| Task details |
Give all of the data again exactly as written, omitting every image.

------ Recorded information

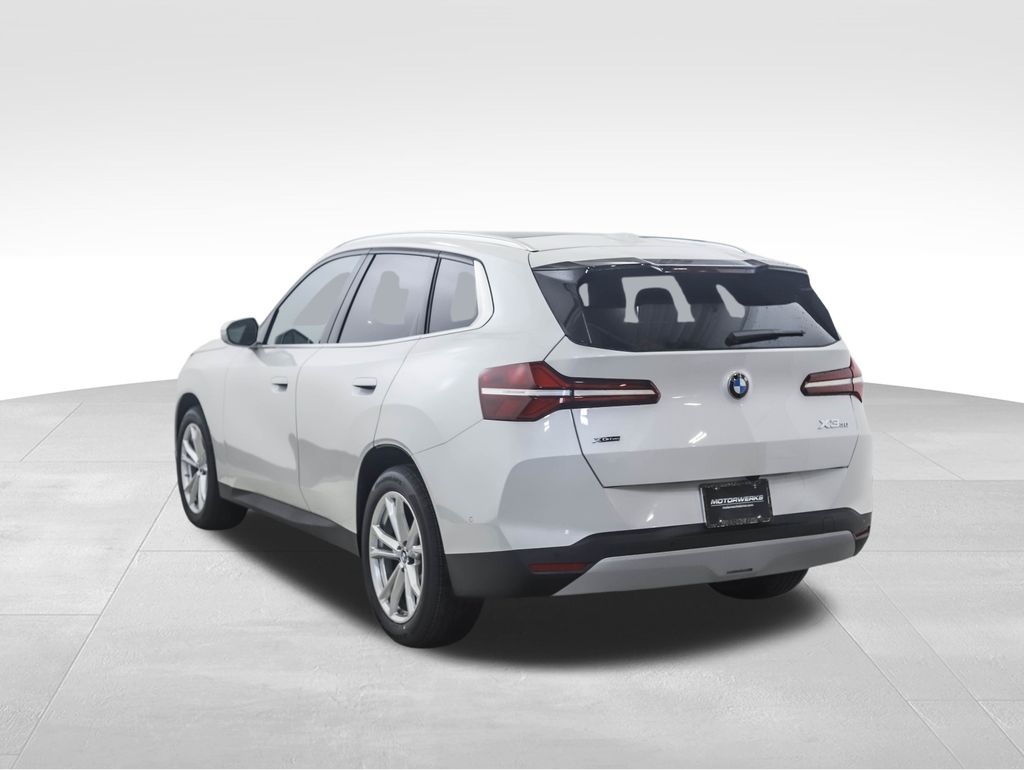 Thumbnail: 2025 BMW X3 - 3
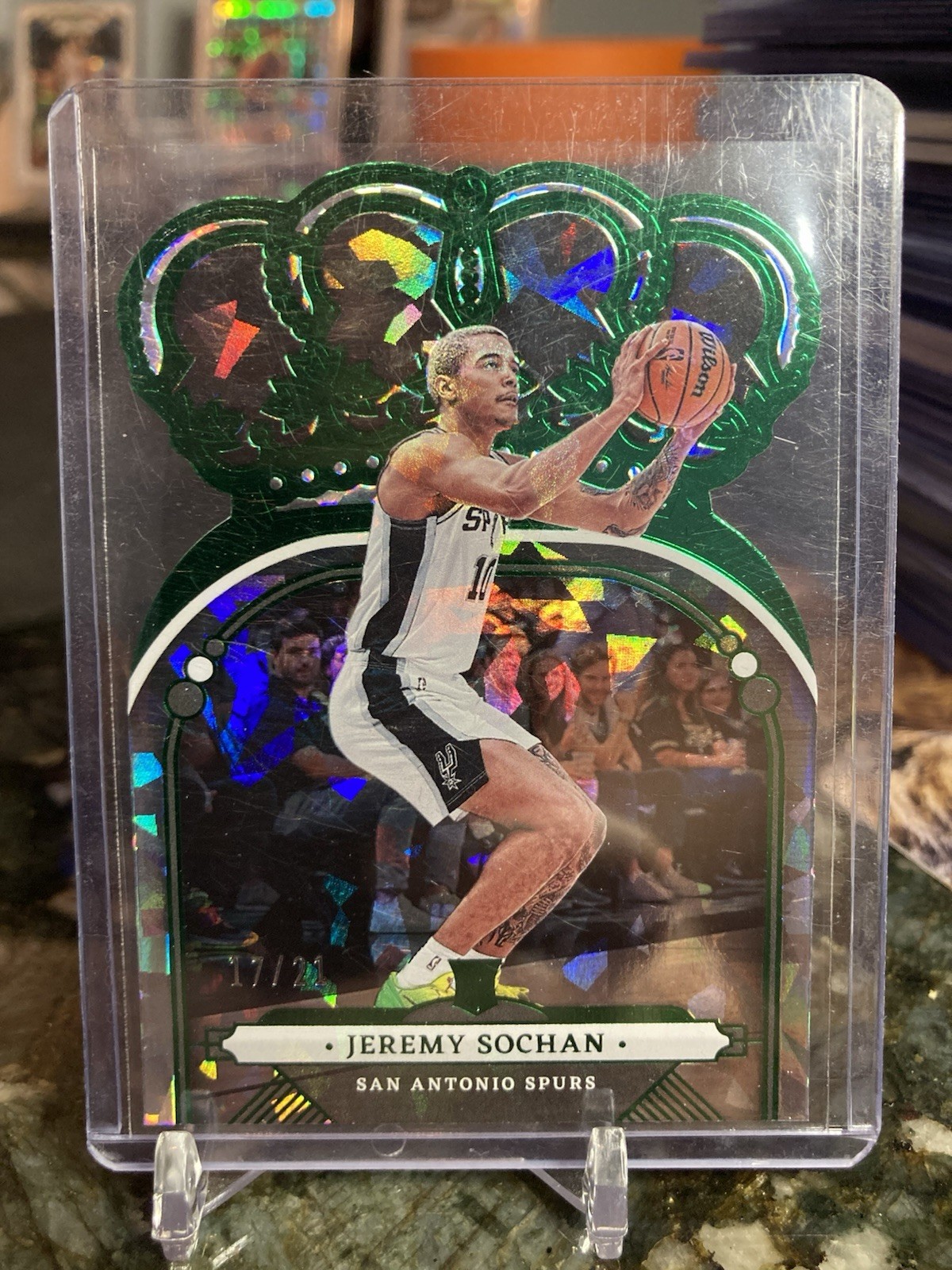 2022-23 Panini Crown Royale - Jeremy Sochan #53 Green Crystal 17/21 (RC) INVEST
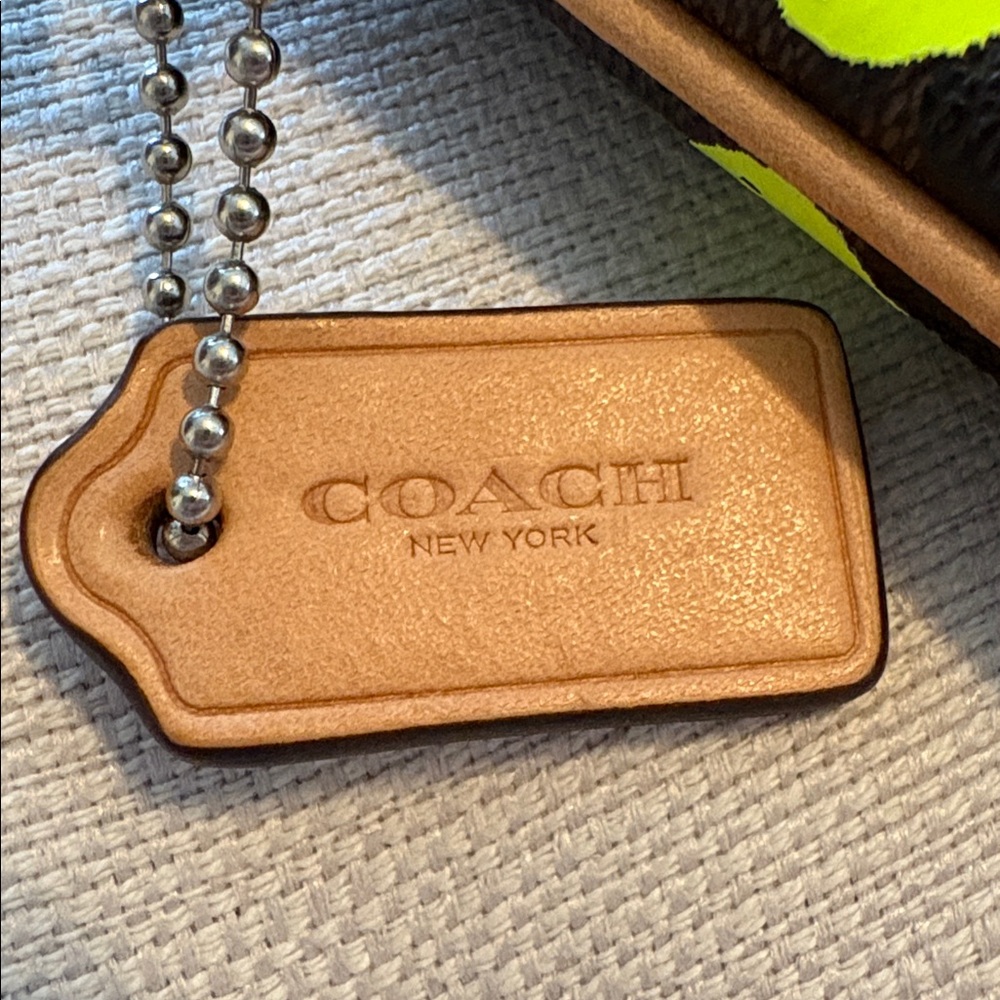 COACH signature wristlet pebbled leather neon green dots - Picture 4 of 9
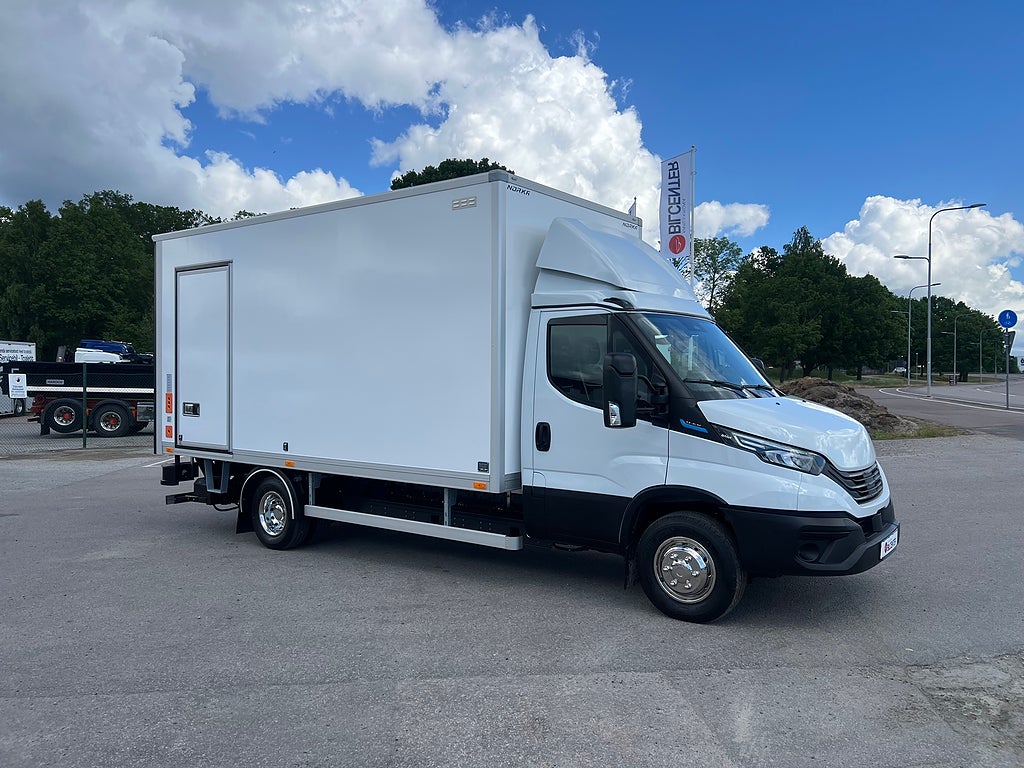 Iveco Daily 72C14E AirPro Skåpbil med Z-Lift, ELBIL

------------

| Completed task |
 Thumbnail: 2025 BMW X3 - 3
 2022-23 Panini Crown Royale - Jeremy Sochan #53 Green Crystal 17/21 (RC) INVEST
 COACH signature wristlet pebbled leather neon green dots - Picture 4 of 9
 Iveco Daily 72C14E AirPro Skåpbil med Z-Lift, ELBIL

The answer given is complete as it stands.